Overall Plan for 2018:

  1. Successful NCQA submission and reaccreditation.
  2. Formalize the MFC Policy Workgroup processes and procedures for the submission of changes to policies in addition to the review and approval of new policies at the QI/UM Committee as a means to continue to meet Delmarva and NCQA standards.
  3. Continue to provide training and education to MFC staff regarding HEDIS requirements and processes. Successful completion of HEDIS 2018 audit.
  4. Continue to educate practitioner and MFC staff on EPSDT guidelines, HEDIS requirements, MFC pharmacy benefits, other state driven initiatives as they arise (i.e. HPV), CAHPS/Provider Satisfaction survey results, and VBP targets/results.
  5. Formal development of an NCQA compliant population health management (PHM) strategy by July 1, 2018 for meeting the care needs of our members, along with provider reporting tools to assist in the achievement of PHM goals. The strategy will include the development of a robust and effective provider incentive program.
  6. Continue to explore opportunities to gather electronic member data and data sharing with ImmuNet, Federally Funded Health Centers (FQHCs), LabCorp, and MedStar Health’s EMR.
  7. Continue to educate members, provider, and MFC staff on MFC’s mail order pharmacy benefits and expand upon the medications offered.
  8. Continue work on PIPs as outlined by MDH.
  9. Continue to expand the use of the Evolent Identifi Case Management platform to optimize reporting functionality and capabilities.

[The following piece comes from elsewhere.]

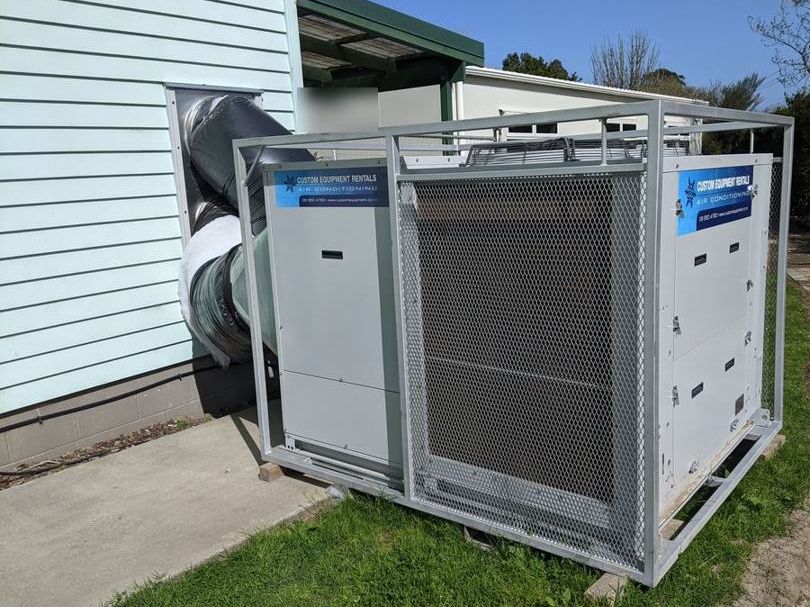 A caged 44 kW unit on site, ducted into the wall of a building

  10. Continue to assess new analytical software to assist with developing an effective provider incentive program.
  11. Continue to develop desk top procedures on all new and existing initiatives to assist with the training of staff and as a resource for anyone working remotely.
  12. Continue to explore ways to streamline current processes and workflows in an effort to maximize productivity.

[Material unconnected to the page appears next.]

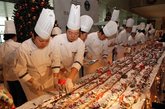 一个长达1068米的巨型树根蛋糕在上海亮相。据了解，80位厨师用了1045公斤面粉，904个鸡蛋，401公斤巧克力，633公斤鲜奶油，156张1.8米长的桌子，历时24小时打造了这只创造了新的吉尼斯世界纪录的树根蛋糕。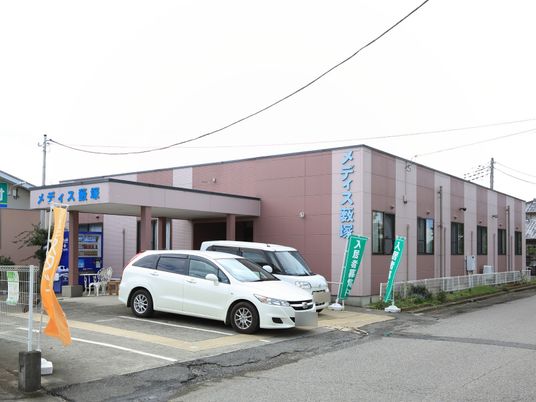 ピンクの外壁の建物エントランス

  13. Develop a relationship with CSS to improve analytics and the ability to identify opportunities for improvement in member and provider satisfaction.
  14. Continue to participate in MedStar’s Health’s Quality Leaders Coordinating Council.
  15. Explore collaborating with MedStar Health’s new Ambulatory Quality and Safety project as it develops.
  16. Continue to participate with the Cerner Optimization Population Health Subcommittee.
  17. Continue exploring a system wide Credentialing, Quality of Care and Peer Review Process.

*HEDIS® is a registered trademark of the National Committee for Quality Assurance (NCQA).